KBRA put the 2016 securitization — Honor Finance’s inaugural transaction — on “watch downgrade” last week. Honor Finance’s losses “rose considerably over the past few months,” higher than initial expectation for the $8.86 million Class C tranche, KBRA Senior Director William Carson told Auto Finance News. Continued management turnover also contributed to the warning, the ratings agency said.
Transactions can be on “watch” for 90 days, but KBRA can make changes anytime before that “if we see things deteriorate further,” Carson said. “As we saw in this deal, the performance did change negative fairly quickly,” he added.
Cumulative net losses in the transaction are at 17.63% — 5.98% higher than expected.

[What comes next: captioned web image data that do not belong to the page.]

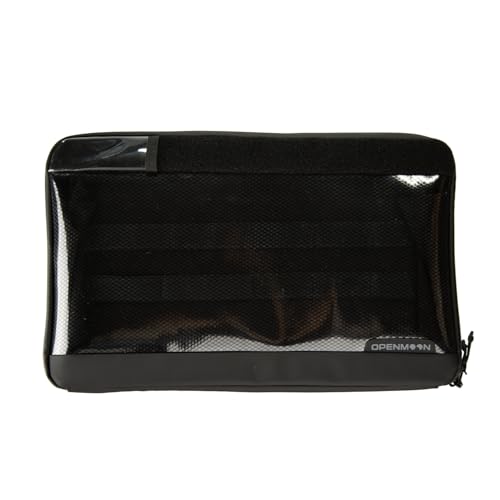 OPENMOON Translucent Storage Electronics & Camera Accessory Pouch - Cable Organizer Gear Accessories Pouch Travel Camera Essentials - L Thin Version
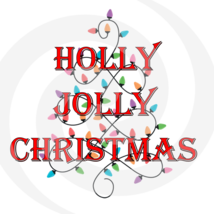 Holly Jolly Christmas Font 4smp-Digital ClipArt-Gift Tag-T shirt-Jewelry-Holiday - £0.97 GBP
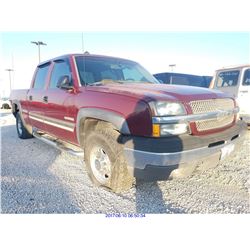 2003 - CHEVROLET SILVERADO 1500
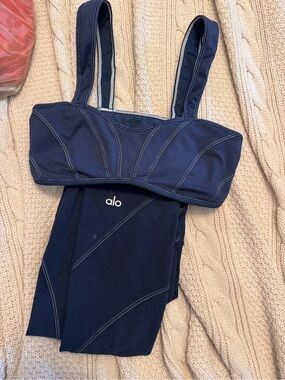 ALO Yoga Navy SET!!!!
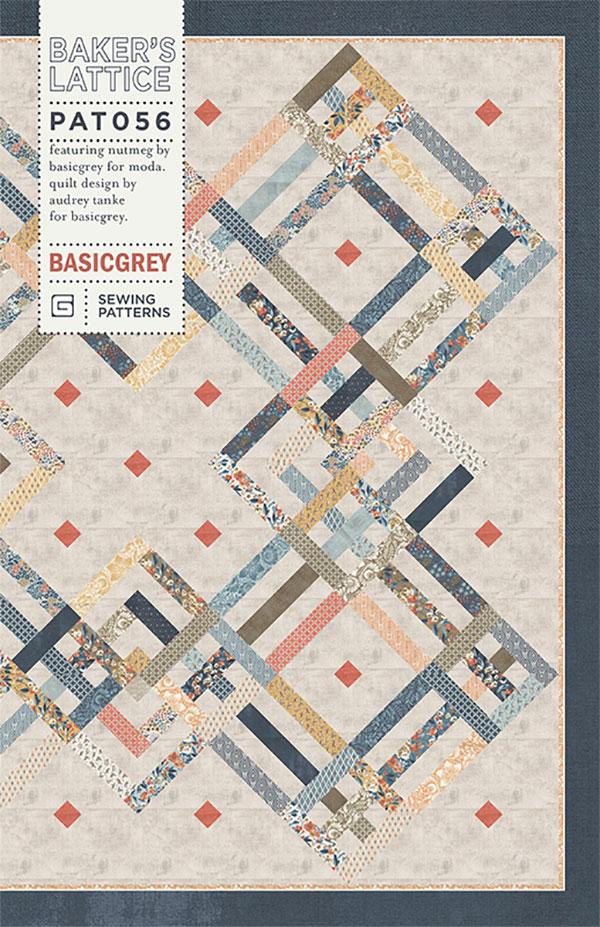 BAKER'S LATTICE - BASICGREY Quilt Pattern 056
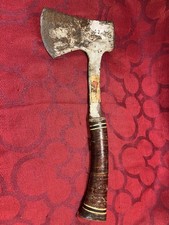 Vintage Estwing Hatchet w/ Stacked Leather Handle USA Made Camp Axe -- 9945 picture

Based on collateral mix at closing and historical performance data, KBRA had expected losses to climb as high as 21.9%. Yet recent analysis has put losses on pace to hit the 27%-to-29% range.
Honor Finance will likely be on issuers’ and investors’ watchlists, Joe Cioffi, chair of the insolvency, creditors’ rights, and financial products practice group at Davis & Gilbert, told AFN. “It could become a bellwether of sorts, ultimately becoming a testament to the ability of credit enhancement to hold off the tide of losses before they reach investors,” he said.
Since warning Honor Finance of the downgrade in December 2017, the Evanston, Ill.-based company’s senior-most executives — President and Chief Executive James Collins, Chief Operating Officer Rob DiMeo, and Chief Financial Officer Lionel Lenz — have left the company.